SA losing competitiveness as food imports grow - AgBiz
13 Feb 2018 - by Staff reporter
South Africa is increasingly becoming a net importer of critical food products and losing competitiveness on strategic tariff lines according to trade economist and AgBiz International Trade and Investment head, Sifiso Ntombela.
He pointed out that this growing reliance on imported food was increasing the country’s vulnerability exposure to foreign markets, which could cause volatility in food prices as import costs were closely linked with the exchange rate and other trade factors.
“Looking at the performance of tariff lines covering agricultural products in the tariff book, South Africa is now a net importer on 60% of all agricultural tariff lines – up from the 49% observed in 2010,” said Ntombela.
“This suggests that the agricultural sector has been slowly losing competitiveness in many industries and concerted efforts are needed to address factors that enhance import growth and production conditions,” he added.
Ntombela stated that when combined with the stagnating exports of beverages and vegetables, the growing import of wheat, sugar, fish and meat products could weaken the sector’s ability to sustain positive growth and job creation.
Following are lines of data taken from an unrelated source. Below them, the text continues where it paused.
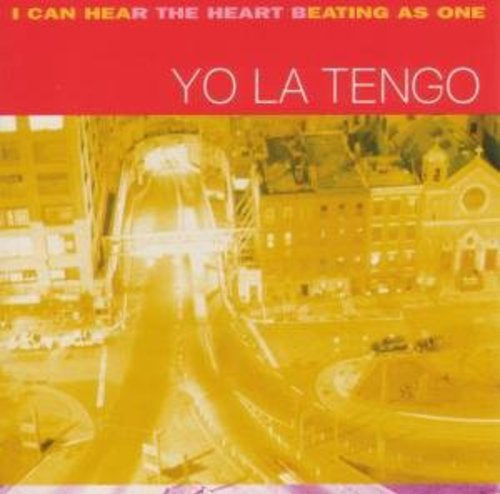Yo La Tengo - I Can Hear the Heart Beating As One (CD)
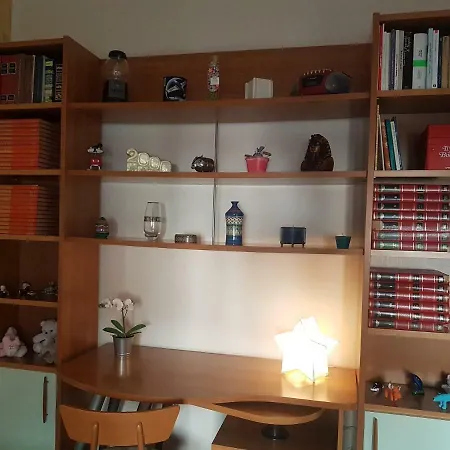 Apartman A Casa Di Anto E Dani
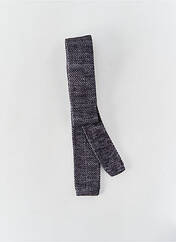 Cravate gris JACK & JONES pour homme seconde vue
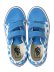 画像6: 【KIDS】VANS KIDS OLD SKOOL V CHECKERBOARD BRIGHT AZURE BLUE (6)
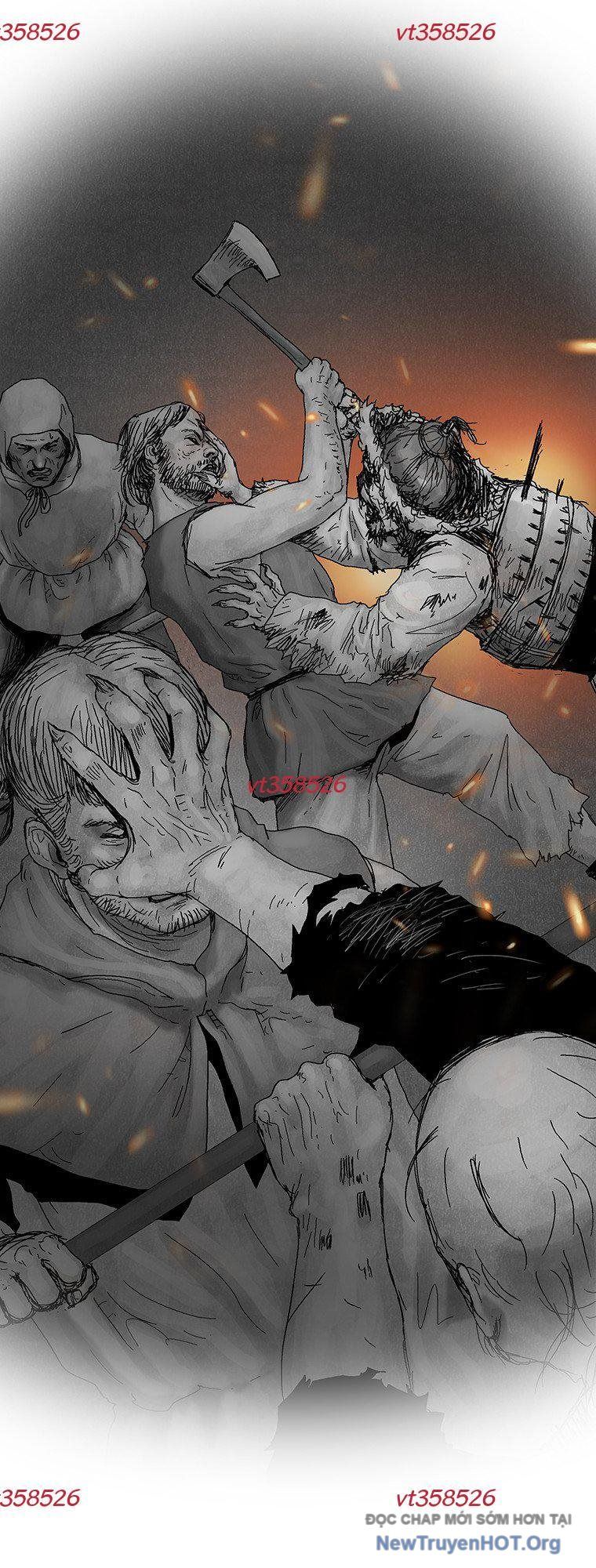 Tên Sát Thủ Máu Lạnh Và Cô Bé Ngây Thơ Chap 29 - Next Chap 30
This puts pressure on domestic products to compete with relatively low-cost imported products and, along with the effects of the persistent drought conditions in several parts of the country on export-strong industries like fruits and wine, could spell disaster for the economy.
The meat industry has already experienced a negative trade balance averaging 426 000 tons over the last seven years and Ntombela said that a similar picture was evident in the grains, sugar, fats and fish products subsectors.
“From a policy perspective, this analysis suggests that imports are not only outpacing the export growth rate but are also expanding and replacing local production even in industries that were relatively competitive,” he added.